3.3.1.4. The experiential perspective
The experiential perspective (Holbrook and Hirschman 1982, Mowen 1988) has emerged during the early 1980s. During this period the hegemony of the decision making (cognitive) perspective was challenged: Olshavsky and Granbois (1979, p.98) proposed that “a significant proportion of purchases may not be preceded by a decision process” and therefore argued that theories accepting the existence of a decision making process as a prerequisite to purchases can provide an adequate explanation only for certain types of behaviour. In a different vein, Holbrook and Hirschman (1982) argued the prevailing information processing model should be supplemented and enriched it with an “experiential view” that focuses on the symbolic, hedonic, and aesthetic nature of consumption. The experiential perspective recognizes the role of symbolic benefits, and subjective features in affective/experiential products such as entertainment, arts, leisure activities, or even purchase and consumption phenomena related to sensory pleasures, daydreams, aesthetic enjoyment, emotional responses, variety seeking and
impulse buying. However, despite Mowen’s (1988) position, the experiential view cannot be considered as a distinct perspective. As Holbrook and Hirschman’s (1982) suggest, it is an attempt to supplement, enrich and enlarge the information processing perspective so as to provide explanation for consumer behaviour phenomena that were at that time ignored.
3.3.1.5. The trait perspective
The trait (Marsden and Littler 1998), or personality (Pachauri 2002) perspective attempts to explain consumer behaviour on the basis of consumers’ enduring personality characteristics that are predictive of future behaviour. In this context, personality is understood “as a concept which accounts for the apparent consistencies and regularities of behaviour over time and across a variety of situations” (Pervin 1984 cited Pachauri 2002, p.328), but also as “the unique way in which traits, attitudes, aptitudes, etc. are organized in an individual” (Marx and Hillix 1979 cited Pachauri 2002, p.328), such as for example introverts-extroverts, or adaptors-innovators.
The trait perspective proved useful in (a) the development of personality and AIO (Activities, Interests and Opinions) inventories employed in lifestyle market segmentation, and (b) in
“exploring decision making styles and strategies” (Marsden and Littler 1998, p.8). For example, Foxall and Goldsmith (1988) studying the empirical use of the Kirton Adaption- Innovation inventory, a personality-related measure of cognitive style, suggest that consumers can be differentiated in terms of their adaptive or innovative cognitive style in their decision making.
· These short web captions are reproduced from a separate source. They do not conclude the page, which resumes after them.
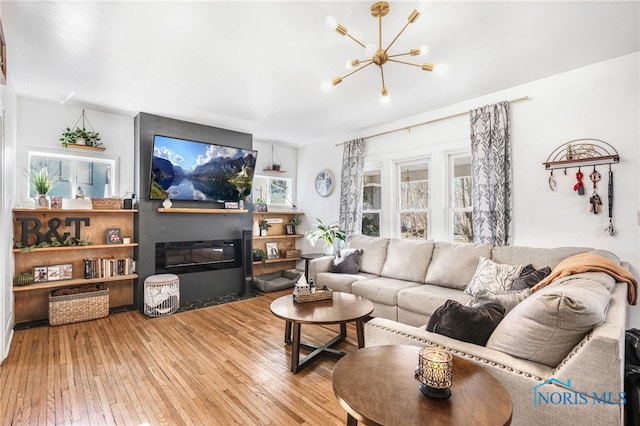 living room featuring hardwood / wood-style floors, a glass covered fireplace, and a notable chandelier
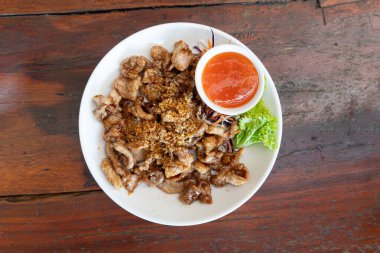 Tayland usulü kızarmış domuz sarımsaklı. Biraz baharatlı sosla servis edilmiş. Beyaz bir tabağa ve tahta bir yüzeye yerleştir..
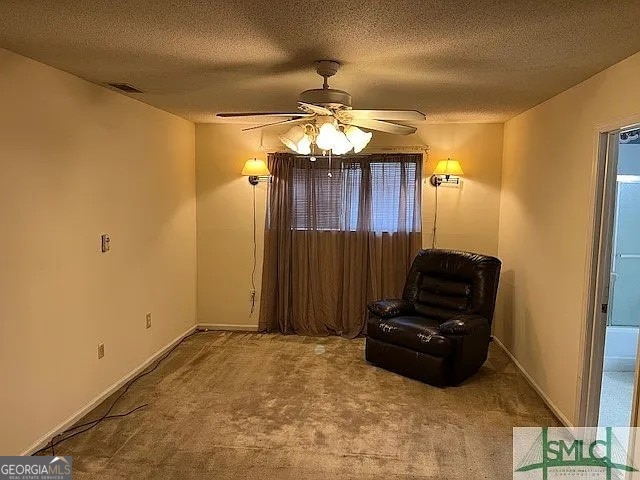 unfurnished room featuring carpet flooring, a textured ceiling, ceiling fan, and a healthy amount of sunlight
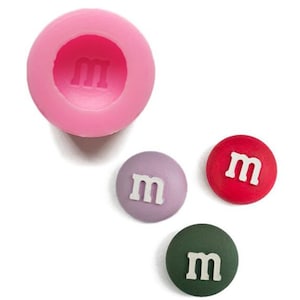 Könnte beinhalten: Rosa Silikonform mit einer einzigen Kavität in Form eines M&M-Bonbons. Drei M&M-Bonbons sind in verschiedenen Farben dargestellt: rot, lila und grün.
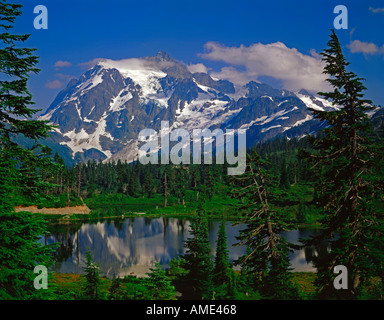 Mount Shuksan reflected in Picture Lake in the Cascade Mountains of Northern Washington dressed in summer greenery Stock Photo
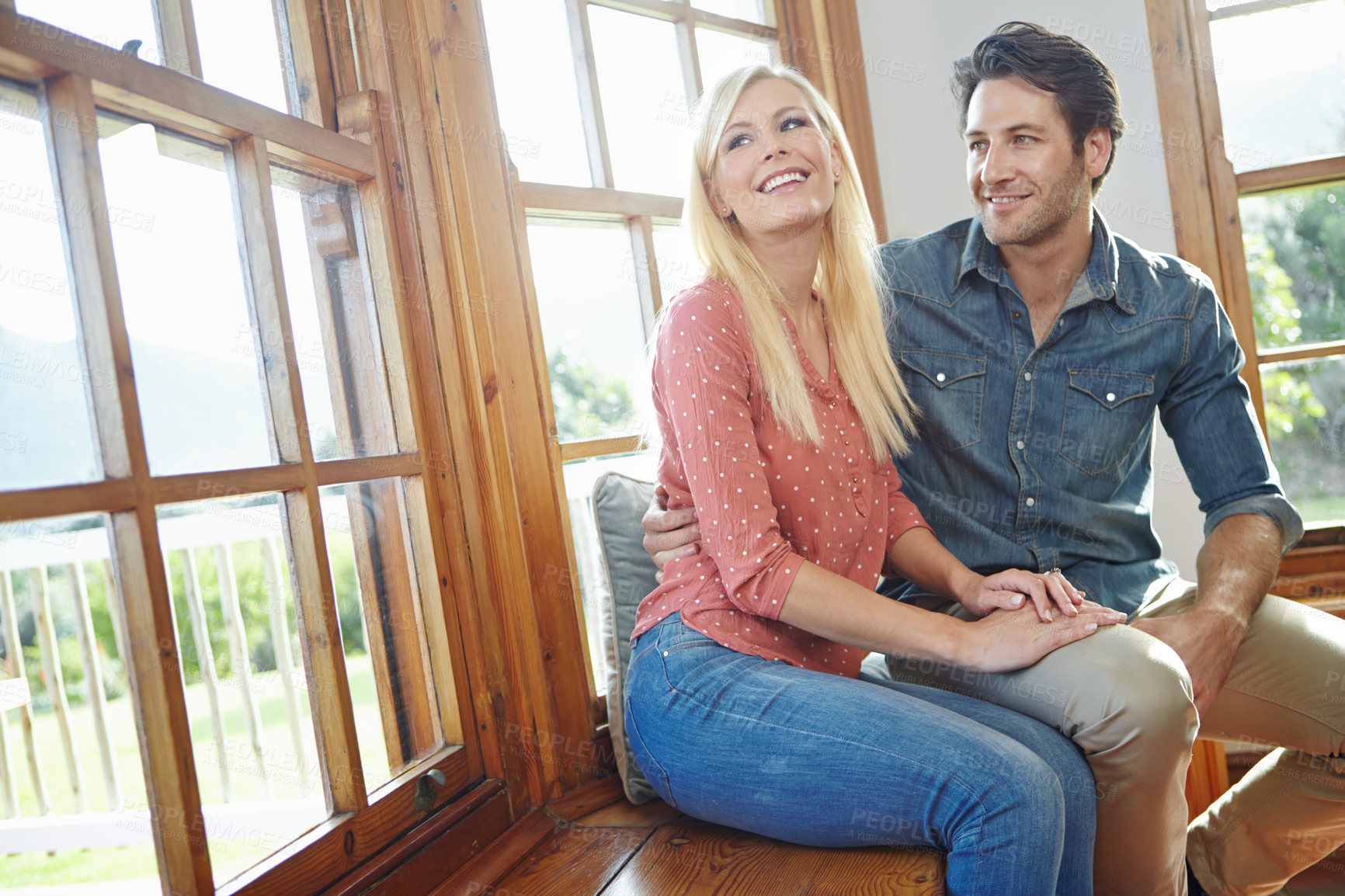 Buy stock photo Couple, together and happy on window bench for outdoor bonding, smile or people hug in apartment for support. Home, commitment for marriage and relax, romantic or relationship for security with love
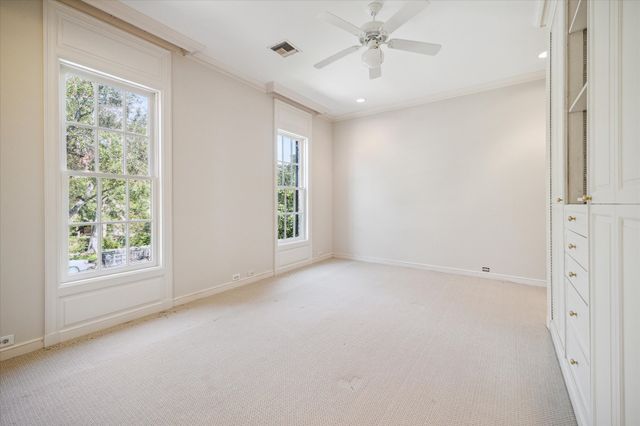 an empty room with a window and a fan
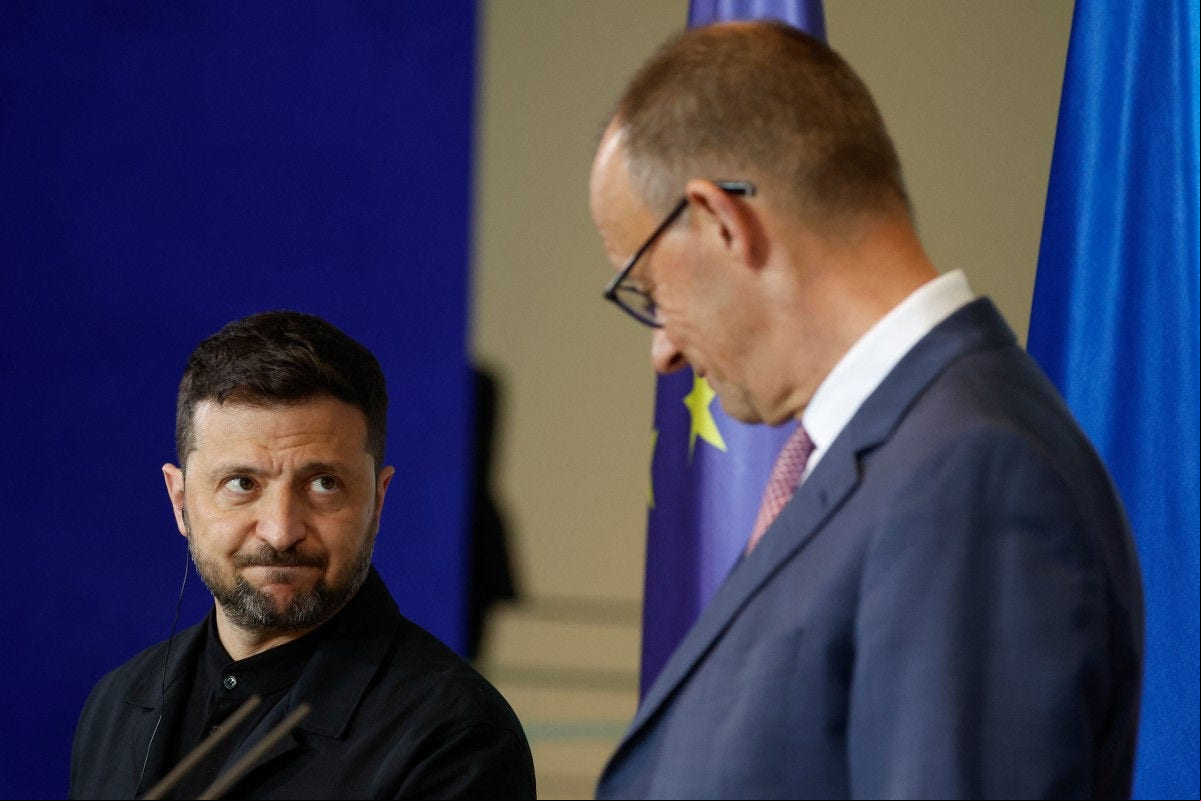 German Chancellor Friedrich Merz and Ukrainian President Volodymyr Zelensky give a t press conference at the Chancellery in Berlin on May 28, 2025. (Photo by Odd ANDERSEN / AFP)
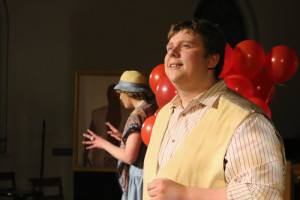 Bobby Henneberg as Jean-Pierre the Balloon Vendor with Cassandra Dutt as Deedee, the world's most beautiful girl in 13 Dead Husbands at Cohesion Theatre Company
Based on such findings however, it may be assumed that the trait perspective does not represents a distinct consumer behaviour perspective, but an approach operating within the cognitive, decision-making perspective.
Criticism of the trait perspective includes: (a) Its ignorance of the individual differences due to the use of standardised research frameworks (Steenkamp et al. 1994 cited Marsden and Littler 1998); and (b) its inherent reductionism and claims of objectivity (Marsden and Littler 1998).
3.3.1.6. The motivational perspective
Pachauri (2002, p.328) recognizes as a distinct “motivational perspective” the work of psychologists, such as Dichter, who during the 1950s used psychoanalytical techniques such as clinical interviews to reveal consumer hidden motivations. She also recognizes that the dissatisfaction with the techniques employed in motivational research was partly responsible for the development of the personality / trait perspective. However, despite the contribution of motivational research to the development of consumer behaviour and its recognition as a
distinct phase of development (Arndt 1986, Waguespack and Hyman 1993, Ekström 2003), today it is not characterized as a distinct perspective.